### ENTRIES PROVIDED

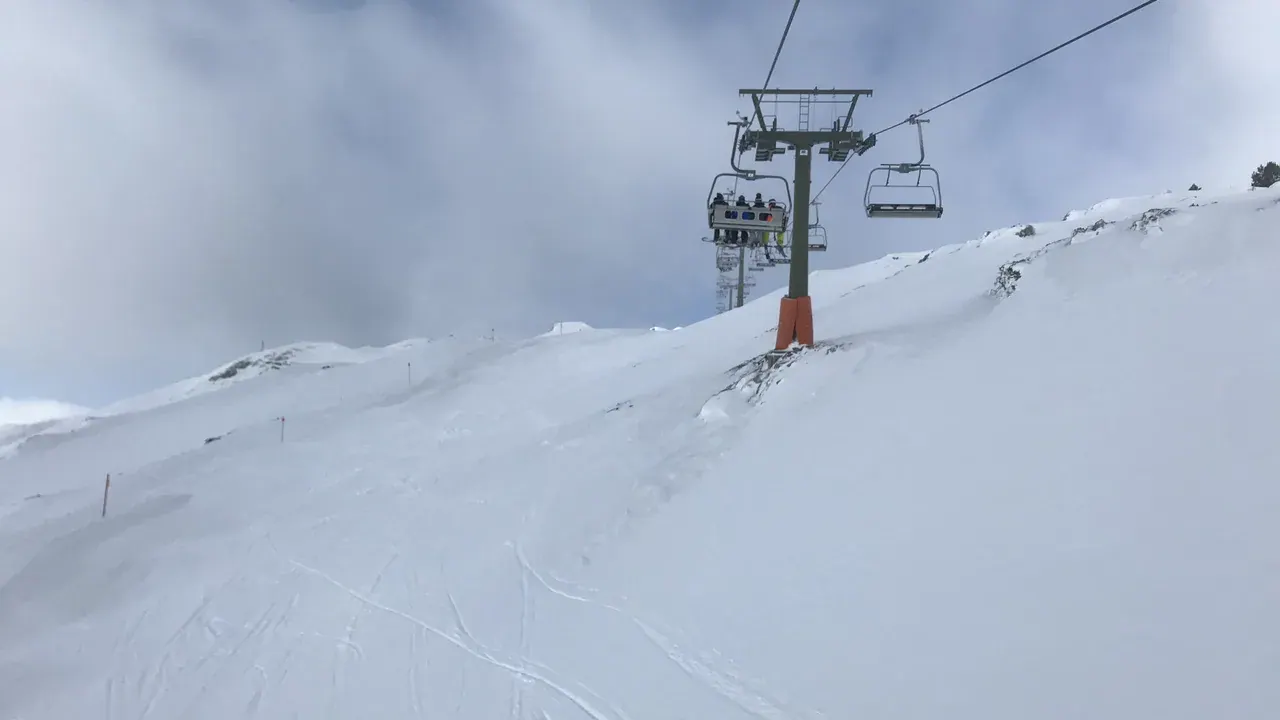 A chairlift climbing a snowy slope at Baqueira Beret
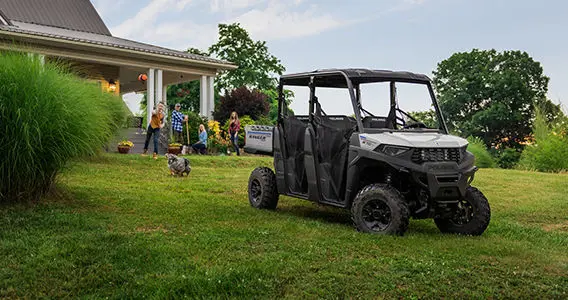 family playing near their ranger crew sp 570 utv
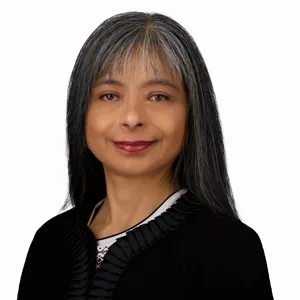 Professional headshot of a woman with long black and silver hair wearing a black top with white trim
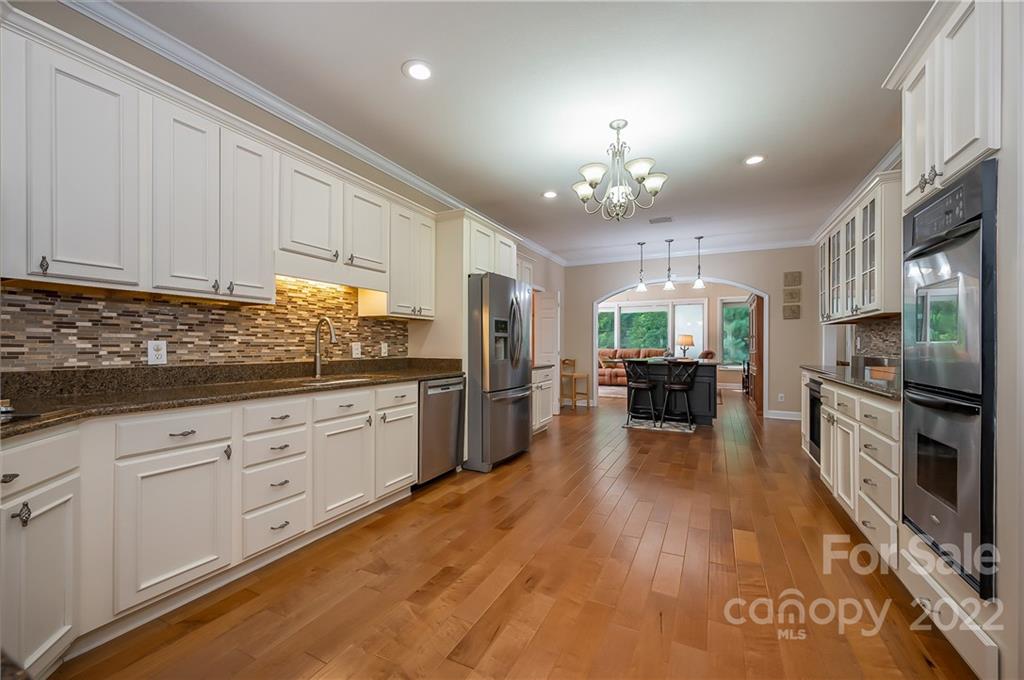 259 Bent Tree Drive Rutherfordton, NC 28139 - Photo 5 of 48 a kitchen with granite countertop a stove a sink dishwasher a refrigerator and white cabinets with wooden floor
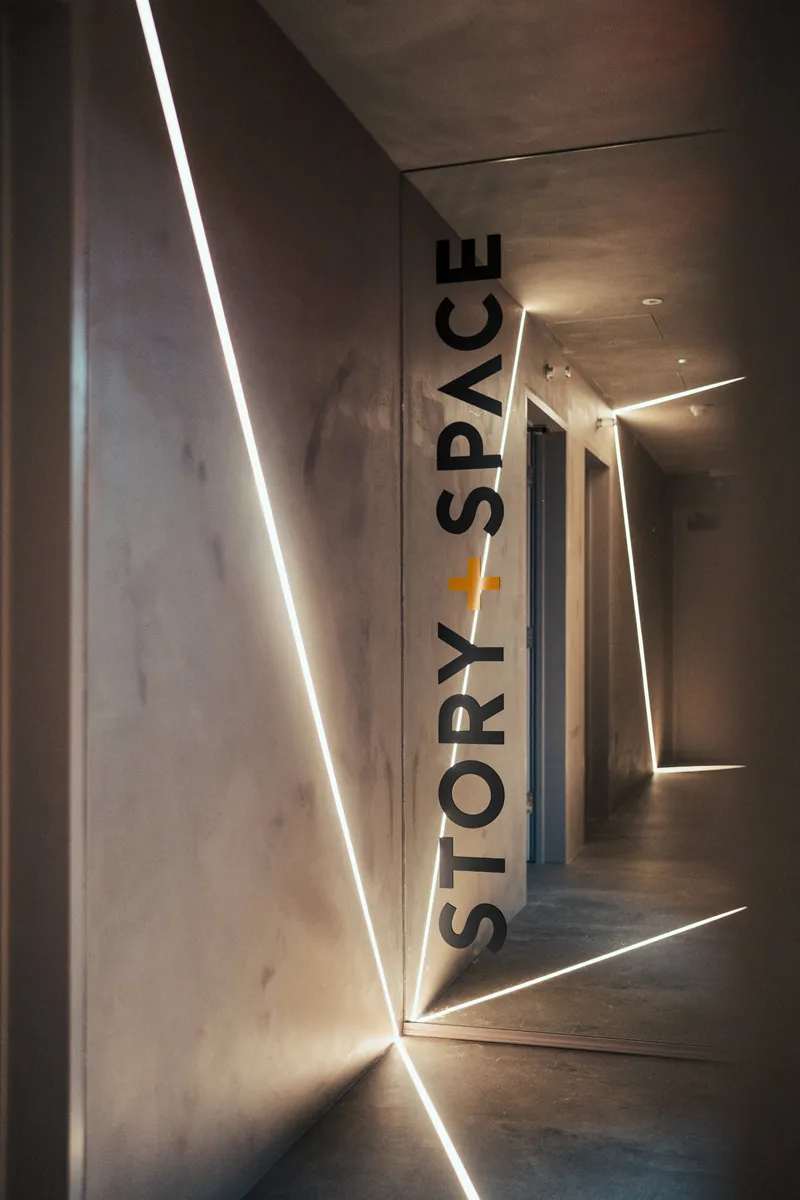 Mirrored corridor with angular LED strip lighting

######

- _EXERCISE DETAILS_
Only the lines from the first line of the entries through the line containing "Professional headshot of" should be output, exactly as they are, without pictures.

- _EXERCISE ANSWER_
 A chairlift climbing a snowy slope at Baqueira Beret
 family playing near their ranger crew sp 570 utv
 Professional headshot of a woman with long black and silver hair wearing a black top with white trim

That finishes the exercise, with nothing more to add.